Jürgen was already a rising star of the academic left. After studying philosophy, political economy, and statistics at the universities of Berlin, Erlangen, and Heidelberg, he gained a doctorate in economics before embarking for the United States in 1926 to take a postgraduate degree at the Brookings Institution in Washington. There he would meet Marguerite Steinfeld, a fellow researcher in economics, whom he married two years later. Berta put her foot down: her wayward daughter did not need more education; she needed some womanly skills, and then a husband. In 1923, at the age of sixteen, Ursula was enrolled in a trade school to study typing and shorthand. At night, she wrote: poems, short stories, tales of adventure and romance. Denied an academic education, she poured her energies into her imagined world. Her childish writings reflected a craving for excitement, a sense of theater, a love of the absurd. Ursula was always the central character in her own stories, and she wrote of herself in the third person, a young woman achieving great feats through determination and a willingness to take risks. Of one character she wrote: “She had overcome the physical weakness of her childhood, she had toughened up and was strong.” Her little sisters called her “Fairy Tale Whirl.” Her diary reflected the usual sulky teenage preoccupations, but also an irrepressible optimism.
“I am in a bad mood,” she wrote. “Grumpy and growling, I am a hot-head, a cross-breed with a black mane of hair, a Jew’s nose, and clumsy limbs, bitching and brooding…but then there is blue sky, a sun that warms, drops of dew on the firs and a stirring in the air, and I want to stride out, jump, run, and love every human being.” The year Ursula’s formal education ended, Hitler launched the Munich beer hall putsch, a failed coup d’état that turned the future führer into a household name and landed him in prison, where he dictated Mein Kampf, the Nazi bible of bigotry.
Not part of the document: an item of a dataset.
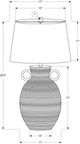 Monarch Specialties Inc. White Ceramic Table Lamp with Ivory Shade-1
Absorbing her father’s political instincts, shocked by the human degradation she had witnessed, appalled by fascism, and entranced by these swirling new ideas of social equality, class war, and revolution, Ursula was drawn inexorably to communism. “Germany’s own Socialist revolution is just around the corner,” she declared. “Communism will make people happier and better.” The Bolshevik Revolution had proven that the old order was rotten and doomed. Fascism must be defeated. In 1924, she joined the Kommunistischer Jugendverband Deutschlands, the Young Communist League, moving into the ideological home she would occupy for the rest of her life.
She was sixteen years old. Like other communists from affluent families, Ursula played down her privileged background. “We lived much more modestly than one might have supposed,” she insisted. “One great-grandfather sold shoelaces from a barrow in Galicia.” Ursula’s fellow young communists came from all corners, classes, and communities of Berlin, united in a determination to overthrow capitalist oppression and usher in a new society. In that heady atmosphere, friendships bloomed swiftly. Gabriel “Gabo” Lewin was a middle-class boy from the suburbs. Heinz Altmann was a handsome apprentice, whose urging had given Ursula the “final impetus” to join the party. These were the young foot soldiers of German communism, and Ursula was thrilled to be one of them.
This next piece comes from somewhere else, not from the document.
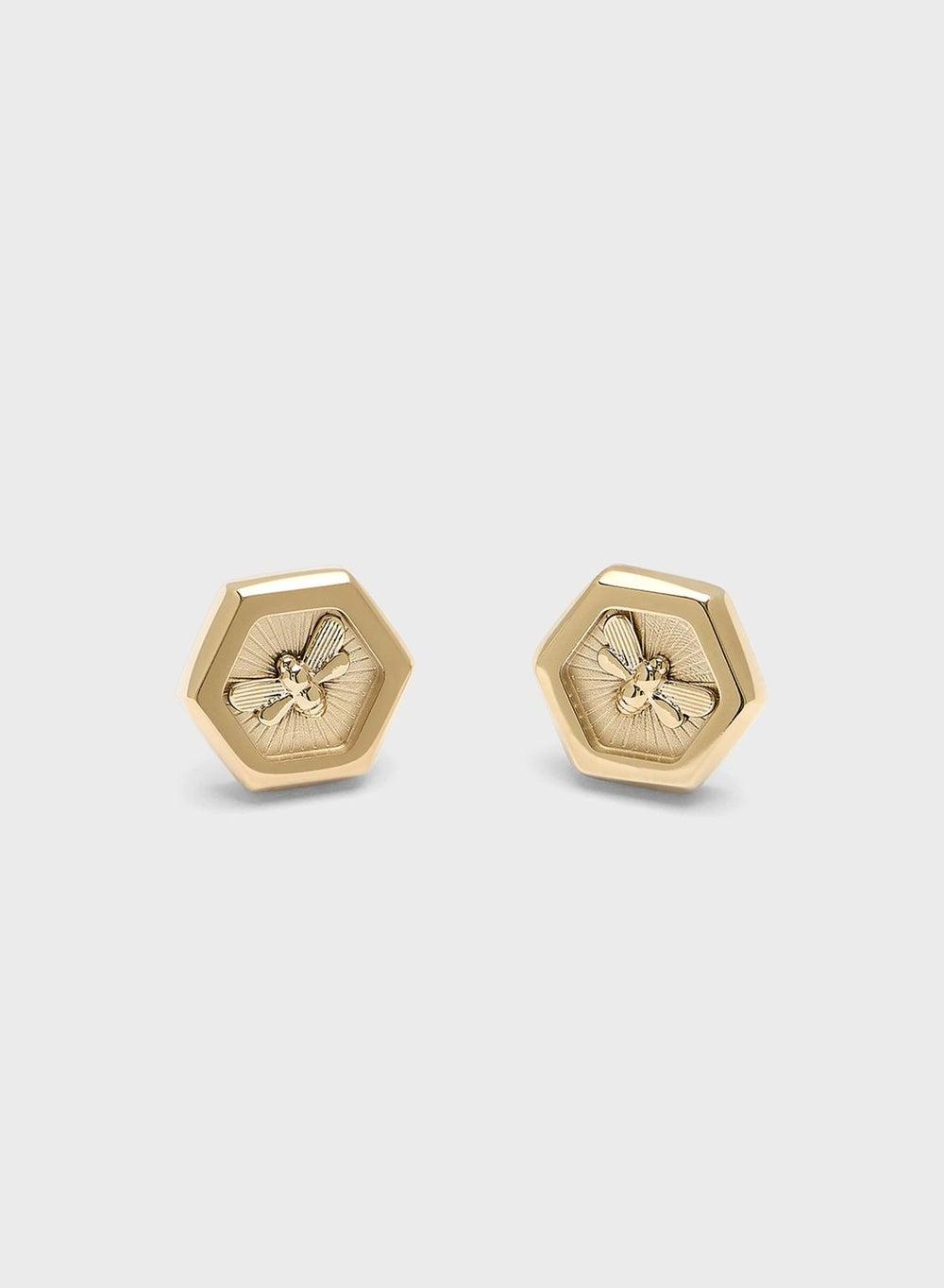 Minima Bee Collection Yellow Gold Stud Earrings 24100106 - Image 1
The May Day demonstration of 1924 left her with a lifelong appetite for risk. The bruising from the policeman’s truncheon eventually faded; her outrage never did. On weekends, the Young Communist League ventured into the countryside to explain Marxism-Leninism to the German peasantry, who frequently responded by setting their dogs on the youthful evangelists. One evening, in Löwenberg, north of Berlin, a sympathetic farmer allowed the group to sleep in his hayloft. “That evening we were particularly cheerful,” Ursula wrote. “As soon as we lay down, someone began to imagine the place twenty years later. Löwenberg in 1944: it has long since become communist. For a long time we argued over whether money would already have been abolished. We would then unfortunately be very old—in our mid-thirties!” They fell asleep, dreaming of revolution. Ursula was one of nature’s missionaries. She was never preachy, but she loved to convert, and tended to chip away at unbelievers until they saw the world as she saw it. She set to work on the family nanny. “I tried to explain things to her. She found what I said made sense,” Ursula claimed. Olga Muth was not remotely interested, but allowed the girl to believe she was listening. The Kuczynskis did not approve of their daughter being beaten up by policemen and spending her nights in haylofts with a bunch of young communists. Observing that “reading was her only field of interest,” Robert arranged an apprenticeship in the R. L. Prager Bookshop on Mittelstrasse, specializing in law and political sciences. Berta bought her a pair of heels, a dark blue dress with a white collar, gloves, and a brown crocodile leather handbag.
Mother and nanny inspected Ursula as she set off for her first day at work. “Nothing in front and nothing behind,” said Ollo. “You still look like a boy.” “But the legs are quite nicely shaped,” said Berta. “You can only see that if you take small steps.” Ollo agreed: “Ursel will never be a lady.” Like everything Olga Muth said, this was tough but true. With her long nose, thatch of hair, and forthright manner, there was nothing ladylike about Ursula. “I’ll never turn into the famous beautiful swan,” she wrote in her diary. “How could my nose, my ears and my mouth get smaller all of a sudden?” Yet even as a teenager, she gave off a powerful sexual allure that many found irresistible.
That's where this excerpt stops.